C$_2^-$ Formation By Resonant Dissociative Electron Attachment to Acetylene

Experimental work on dissociative electron attachment (DEA) of acetylene shows a peak in the cross section at around $8.1\ eV$ corresponding to the formation of C$_2^-$ anions. It has been further predicted that these anion fragments result from the decay of a series of Feshbach resonant states with the configurations $^2(\pi_u, 3s^2 )$, $^2(\pi_u, 3s3p\sigma )$, $^2(\pi_u, 3s3p\pi )$ and $^2(\pi_u, 3p^2 )$ between 7 and 9.5 $eV$. In this work, we perform electron scattering calculations using the Complex Kohn Variational Method to determine the positions and autoionization widths of the Feshbach resonances.
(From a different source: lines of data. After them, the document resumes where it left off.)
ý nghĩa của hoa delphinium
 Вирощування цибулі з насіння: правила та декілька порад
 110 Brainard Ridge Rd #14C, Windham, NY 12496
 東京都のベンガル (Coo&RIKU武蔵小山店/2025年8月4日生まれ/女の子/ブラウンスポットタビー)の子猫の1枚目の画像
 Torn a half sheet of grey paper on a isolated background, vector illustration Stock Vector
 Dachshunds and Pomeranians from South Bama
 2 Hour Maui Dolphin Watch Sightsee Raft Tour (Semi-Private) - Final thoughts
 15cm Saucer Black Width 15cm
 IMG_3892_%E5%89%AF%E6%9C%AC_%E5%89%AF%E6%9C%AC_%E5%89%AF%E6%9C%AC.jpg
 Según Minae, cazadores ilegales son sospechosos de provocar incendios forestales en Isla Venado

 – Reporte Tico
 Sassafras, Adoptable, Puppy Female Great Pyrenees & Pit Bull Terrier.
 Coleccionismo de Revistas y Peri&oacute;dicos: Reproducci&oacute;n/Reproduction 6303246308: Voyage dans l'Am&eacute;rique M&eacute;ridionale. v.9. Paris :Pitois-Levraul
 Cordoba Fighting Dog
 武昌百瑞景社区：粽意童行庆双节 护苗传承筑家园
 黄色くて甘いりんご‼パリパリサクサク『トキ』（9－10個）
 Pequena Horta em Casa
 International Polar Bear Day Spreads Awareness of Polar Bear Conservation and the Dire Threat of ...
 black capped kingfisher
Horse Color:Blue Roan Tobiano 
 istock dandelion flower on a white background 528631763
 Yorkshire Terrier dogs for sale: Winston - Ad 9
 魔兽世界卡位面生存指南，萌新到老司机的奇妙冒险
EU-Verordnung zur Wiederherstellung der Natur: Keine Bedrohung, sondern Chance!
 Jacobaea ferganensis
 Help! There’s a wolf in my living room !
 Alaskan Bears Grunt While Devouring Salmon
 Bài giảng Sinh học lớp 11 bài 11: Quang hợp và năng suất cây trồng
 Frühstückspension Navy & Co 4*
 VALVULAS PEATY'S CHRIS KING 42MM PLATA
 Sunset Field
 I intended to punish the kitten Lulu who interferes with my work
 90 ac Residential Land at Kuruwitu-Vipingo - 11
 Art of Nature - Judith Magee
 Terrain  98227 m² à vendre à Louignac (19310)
We iterate this process for relevant geometries of the molecule to construct the multidimentional complex potential energy surfaces. In order to study the dissociation dynamics leading to the (C$_2^-$ + H + H) and (C$_2^-$ + H$_2$) rearrangements, we treat the system in 4D taking into account the stretching and bending of the two C-H bonds of C$_2$H$_2$ in an appropriate coordinate system. By computing the flux of the wavepacket into the decoupled asymptotic regions associated with these two rearrangements, we deduce the DEA cross section and compare it to available experimental results.